对于 CPU,在DEBUG模式下进行分析的原因是因为如果您尝试在RELEASE模式下进行分析,编译器将减少数学运算、向量化循环和内联函数,这些函数在组装时往往会将您的代码变成不可映射的混乱。不可映射的混乱意味着您的分析器将无法清楚地识别花费这么长时间的内容,因为程序集可能与正在优化的源代码不对应。如果您需要RELEASE模式的性能(例如时序敏感),请根据需要禁用调试器功能以保持可用性能。
For I/O-bound, the profiler can still identify I/O operations in RELEASEmode because I/O operations are either externally linked to a shared library (most of the time) or in the worst case, will result in a sys-call interrupt vector (which is also easily identifiable by the profiler).
对于 I/O 绑定,探查器仍然可以识别RELEASE模式下的I/O 操作,因为 I/O 操作要么从外部链接到共享库(大部分时间),要么在最坏的情况下,将导致系统调用中断向量(也很容易被分析器识别)。
回答by Ehsan
Use Valgrind, callgrind and kcachegrind:
使用 Valgrind、callgrind 和 kcachegrind:
valgrind --tool=callgrind ./(Your binary)
generates callgrind.out.x. Read it using kcachegrind.
生成 callgrind.out.x。

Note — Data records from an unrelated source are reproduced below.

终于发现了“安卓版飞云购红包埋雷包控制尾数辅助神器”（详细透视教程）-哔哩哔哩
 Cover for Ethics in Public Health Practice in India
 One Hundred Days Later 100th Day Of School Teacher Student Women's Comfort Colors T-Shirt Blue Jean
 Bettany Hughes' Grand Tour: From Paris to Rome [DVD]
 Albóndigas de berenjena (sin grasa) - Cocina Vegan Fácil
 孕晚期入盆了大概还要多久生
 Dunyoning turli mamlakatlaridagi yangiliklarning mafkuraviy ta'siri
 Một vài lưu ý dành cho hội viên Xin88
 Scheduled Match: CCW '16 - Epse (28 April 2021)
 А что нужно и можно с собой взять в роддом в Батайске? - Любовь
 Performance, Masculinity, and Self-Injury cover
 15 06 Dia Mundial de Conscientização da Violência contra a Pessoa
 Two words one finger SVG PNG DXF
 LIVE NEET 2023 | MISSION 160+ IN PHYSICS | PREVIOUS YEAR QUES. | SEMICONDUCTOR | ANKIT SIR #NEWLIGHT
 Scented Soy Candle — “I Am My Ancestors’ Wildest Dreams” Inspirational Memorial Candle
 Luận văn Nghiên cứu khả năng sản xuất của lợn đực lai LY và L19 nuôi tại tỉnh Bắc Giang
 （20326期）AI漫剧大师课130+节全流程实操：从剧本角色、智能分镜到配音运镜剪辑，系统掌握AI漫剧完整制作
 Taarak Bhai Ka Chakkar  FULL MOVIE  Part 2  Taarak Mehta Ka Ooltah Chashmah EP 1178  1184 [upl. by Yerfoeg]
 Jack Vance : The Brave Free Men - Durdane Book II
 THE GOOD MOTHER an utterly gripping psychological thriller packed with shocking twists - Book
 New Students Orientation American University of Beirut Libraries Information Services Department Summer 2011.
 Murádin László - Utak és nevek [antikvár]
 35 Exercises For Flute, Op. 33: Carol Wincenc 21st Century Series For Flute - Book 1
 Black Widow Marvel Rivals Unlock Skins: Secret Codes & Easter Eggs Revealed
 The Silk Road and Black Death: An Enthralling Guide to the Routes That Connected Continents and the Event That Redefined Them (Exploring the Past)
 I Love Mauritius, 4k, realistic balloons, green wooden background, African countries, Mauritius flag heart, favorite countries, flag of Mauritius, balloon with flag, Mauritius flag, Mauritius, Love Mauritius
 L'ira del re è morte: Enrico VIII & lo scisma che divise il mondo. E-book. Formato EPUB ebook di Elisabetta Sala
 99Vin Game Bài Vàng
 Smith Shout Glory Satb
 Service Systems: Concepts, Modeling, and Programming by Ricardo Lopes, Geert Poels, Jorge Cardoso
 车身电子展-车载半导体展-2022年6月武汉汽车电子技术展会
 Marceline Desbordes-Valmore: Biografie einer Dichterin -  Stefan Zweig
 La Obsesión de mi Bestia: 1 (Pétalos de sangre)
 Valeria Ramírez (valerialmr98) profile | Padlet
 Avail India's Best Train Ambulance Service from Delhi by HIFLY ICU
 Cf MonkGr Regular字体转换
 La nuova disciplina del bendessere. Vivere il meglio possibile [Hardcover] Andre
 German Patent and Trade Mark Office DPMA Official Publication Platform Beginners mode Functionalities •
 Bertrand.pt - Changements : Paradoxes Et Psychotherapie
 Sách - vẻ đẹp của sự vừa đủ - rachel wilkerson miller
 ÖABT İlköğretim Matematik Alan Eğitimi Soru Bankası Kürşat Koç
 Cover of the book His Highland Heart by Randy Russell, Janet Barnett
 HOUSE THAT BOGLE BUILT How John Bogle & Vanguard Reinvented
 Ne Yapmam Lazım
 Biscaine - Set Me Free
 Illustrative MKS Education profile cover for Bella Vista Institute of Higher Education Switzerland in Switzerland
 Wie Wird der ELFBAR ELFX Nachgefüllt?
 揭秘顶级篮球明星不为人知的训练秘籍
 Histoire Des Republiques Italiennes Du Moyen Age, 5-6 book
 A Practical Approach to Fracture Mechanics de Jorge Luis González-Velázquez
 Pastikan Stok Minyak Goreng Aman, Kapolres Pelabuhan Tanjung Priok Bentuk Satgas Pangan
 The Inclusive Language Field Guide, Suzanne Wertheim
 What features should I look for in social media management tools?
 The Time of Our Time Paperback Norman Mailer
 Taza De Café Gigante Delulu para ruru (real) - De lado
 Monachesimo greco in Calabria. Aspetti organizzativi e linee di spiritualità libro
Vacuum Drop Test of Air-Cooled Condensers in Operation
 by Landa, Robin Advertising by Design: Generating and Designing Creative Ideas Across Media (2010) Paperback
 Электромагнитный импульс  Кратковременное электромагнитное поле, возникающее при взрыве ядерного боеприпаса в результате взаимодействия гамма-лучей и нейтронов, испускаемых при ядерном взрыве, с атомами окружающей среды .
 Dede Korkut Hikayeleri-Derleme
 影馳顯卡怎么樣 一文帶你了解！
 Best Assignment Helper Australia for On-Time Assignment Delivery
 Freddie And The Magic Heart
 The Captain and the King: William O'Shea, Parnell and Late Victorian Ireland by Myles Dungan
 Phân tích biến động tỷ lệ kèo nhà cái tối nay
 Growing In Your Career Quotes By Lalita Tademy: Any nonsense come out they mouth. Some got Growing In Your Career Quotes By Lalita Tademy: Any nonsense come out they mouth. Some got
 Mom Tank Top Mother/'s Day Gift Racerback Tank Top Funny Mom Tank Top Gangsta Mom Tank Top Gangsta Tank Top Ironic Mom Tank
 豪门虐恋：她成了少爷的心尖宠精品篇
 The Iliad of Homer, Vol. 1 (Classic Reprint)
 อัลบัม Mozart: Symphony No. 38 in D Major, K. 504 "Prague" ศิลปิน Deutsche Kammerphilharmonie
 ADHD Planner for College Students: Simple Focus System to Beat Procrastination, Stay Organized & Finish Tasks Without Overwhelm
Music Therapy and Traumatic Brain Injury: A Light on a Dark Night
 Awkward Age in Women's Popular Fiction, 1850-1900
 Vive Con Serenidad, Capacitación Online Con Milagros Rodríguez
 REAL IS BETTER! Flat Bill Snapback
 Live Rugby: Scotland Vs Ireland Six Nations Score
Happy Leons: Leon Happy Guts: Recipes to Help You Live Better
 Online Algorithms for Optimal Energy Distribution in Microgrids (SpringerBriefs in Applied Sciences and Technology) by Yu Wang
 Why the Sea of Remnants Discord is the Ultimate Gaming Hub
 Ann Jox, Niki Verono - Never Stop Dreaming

使用 kcachegrind 读取它。
Use gprof (add -pg):
使用 gprof(添加 -pg):
cc -o myprog myprog.c utils.c -g -pg
(not so good for multi-threads, function pointers)
(不太适合多线程,函数指针)
Use google-perftools:
使用谷歌性能工具:
Uses time sampling, I/O and CPU bottlenecks are revealed.
使用时间采样,显示 I/O 和 CPU 瓶颈。
Intel VTune is the best (free for educational purposes).
英特尔 VTune 是最好的(免费用于教育目的)。
Others:AMD Codeanalyst (since replaced with AMD CodeXL), OProfile, 'perf' tools (apt-get install linux-tools)
其他:AMD Codeanalyst(自从被 AMD CodeXL 取代)、OProfile、'perf' 工具(apt-get install linux-tools)
回答by fwyzard
For single-threaded programs you can use igprof, The Ignominous Profiler: https://igprof.org/.
对于单线程程序,您可以使用igprof,The Ignominous Profiler:https://igprof.org/ 。
It is a sampling profiler, along the lines of the... long... answer by Mike Dunlavey, which will gift wrap the results in a browsable call stack tree, annotated with the time or memory spent in each function, either cumulative or per-function.
它是一个采样分析器,沿着 Mike Dunlavey 的...长...答案,它将把结果包装在一个可浏览的调用堆栈树中,用每个函数中花费的时间或内存进行注释,无论是累积的还是每个功能。